→ **Aim of the exercise**
In the material below, the required lines run from the one containing "Cavalier King Charles" through the one containing "De leuke Sticker". Copy those lines exactly, ends included, and nothing else.

Data extract START

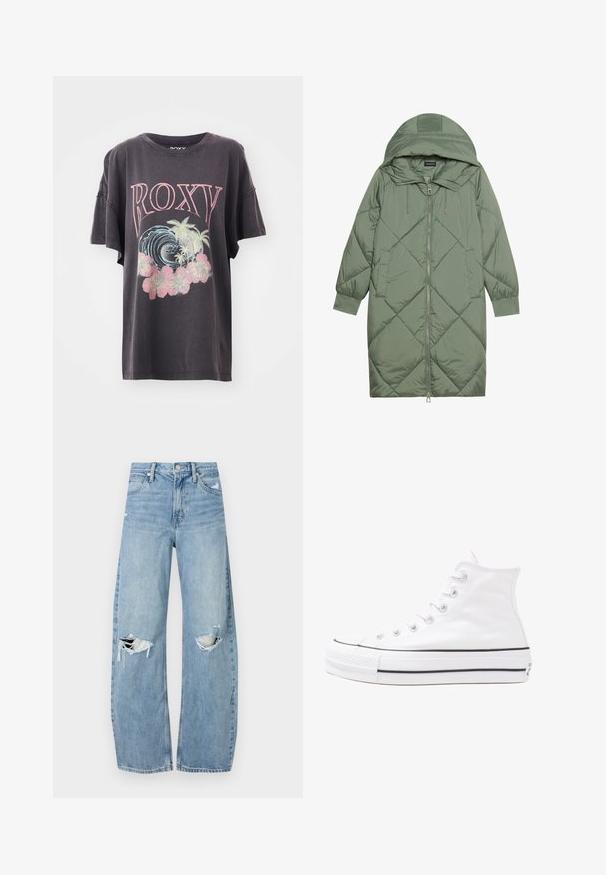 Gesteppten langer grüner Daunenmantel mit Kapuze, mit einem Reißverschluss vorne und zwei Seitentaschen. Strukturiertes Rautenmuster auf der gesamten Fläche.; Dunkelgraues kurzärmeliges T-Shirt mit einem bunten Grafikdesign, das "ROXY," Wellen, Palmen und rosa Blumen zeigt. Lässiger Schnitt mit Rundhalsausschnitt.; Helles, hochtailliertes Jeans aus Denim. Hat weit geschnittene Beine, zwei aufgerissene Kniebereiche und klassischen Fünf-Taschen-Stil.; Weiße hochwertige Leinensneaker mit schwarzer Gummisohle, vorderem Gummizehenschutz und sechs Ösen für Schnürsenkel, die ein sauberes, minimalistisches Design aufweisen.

Data extract END
Data extract START

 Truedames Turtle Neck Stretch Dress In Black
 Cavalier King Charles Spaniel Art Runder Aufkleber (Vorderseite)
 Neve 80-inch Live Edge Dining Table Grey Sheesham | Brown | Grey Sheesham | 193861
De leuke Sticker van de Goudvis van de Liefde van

Data extract END
Data extract START

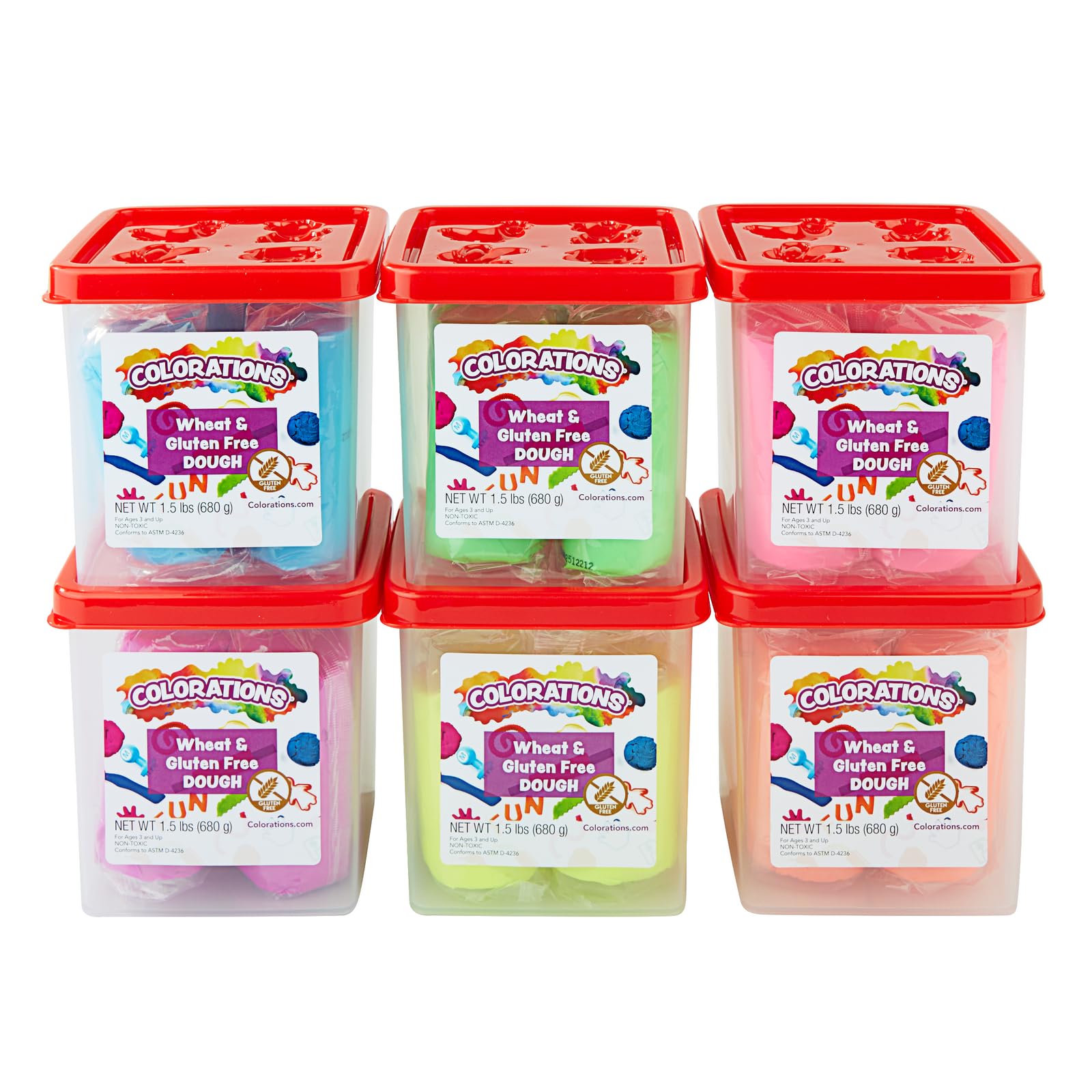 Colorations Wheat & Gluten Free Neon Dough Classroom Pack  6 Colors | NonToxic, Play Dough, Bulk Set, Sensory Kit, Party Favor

Data extract END

→ **Written solution**
 Cavalier King Charles Spaniel Art Runder Aufkleber (Vorderseite)
 Neve 80-inch Live Edge Dining Table Grey Sheesham | Brown | Grey Sheesham | 193861
De leuke Sticker van de Goudvis van de Liefde van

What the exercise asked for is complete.